Satellites break up in the atmosphere / Our ashes are scattered in space / All of the answers fall into place / It’s only the end of the world

It’s only the end of the world

Parmi les hauts faits de l’album, on accordera une mention toute particulière au morceau-titre, England made me, fascinante confession hypnotique. Black Box Recorder s’y entend tout spécialement pour les ballades alanguies, sur lesquelles le chant de Sarah Nixey agit comme un puissant sédatif à la beauté narcotique, ainsi de ces It’s only the end of the world, Hated Sunday ou le vraiment magnifique (et réellement émouvant, sans cynisme aucun) Swinging. Les morceaux au tempo plus enlevé sont eux aussi réussis, comme l’impeccable Kidnapping an heiress ou le presque entraînant New baby boom. Impossible également de passer sous silence le toxique Child psychology, portrait au vitriol d’une jeunesse anglaise ponctuée par ce refrain empli d’ironie douce-amère : « Life is unfair / Kill yourself or get over it ». On pourrait reprocher à Haines de se complaire dans une posture cynique et une négativité complaisante mais le perpétuel jeu de balancier entre les textes et les mélodies font tout le sel de ces chansons au charme venimeux. On sait la pomme empoisonnée mais on mord dedans à pleines dents, avalant dans une même gorgée le sucre et l’acide. Et le charme fait son effet.
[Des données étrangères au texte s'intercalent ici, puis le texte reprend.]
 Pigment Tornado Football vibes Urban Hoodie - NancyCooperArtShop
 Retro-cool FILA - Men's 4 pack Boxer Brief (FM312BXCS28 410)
Close the windows, draw the blinds / I can’t stand it if the sun shines / On Sunday / Hated Sunday

Hated Sunday

Black Box Recorder publiera deux autres albums, The facts of life (2000) et Passionoia (2003), que mes oreilles n’ont fait qu’effleurer sans je l’avoue en retenir grand chose. Luke Haines poursuit depuis une carrière solo discrète mais relativement prolifique. Il s’est par ailleurs fendu de mémoires apparemment particulièrement savoureux, comme le rapportait tout récemment l’éminent JC Brouchard.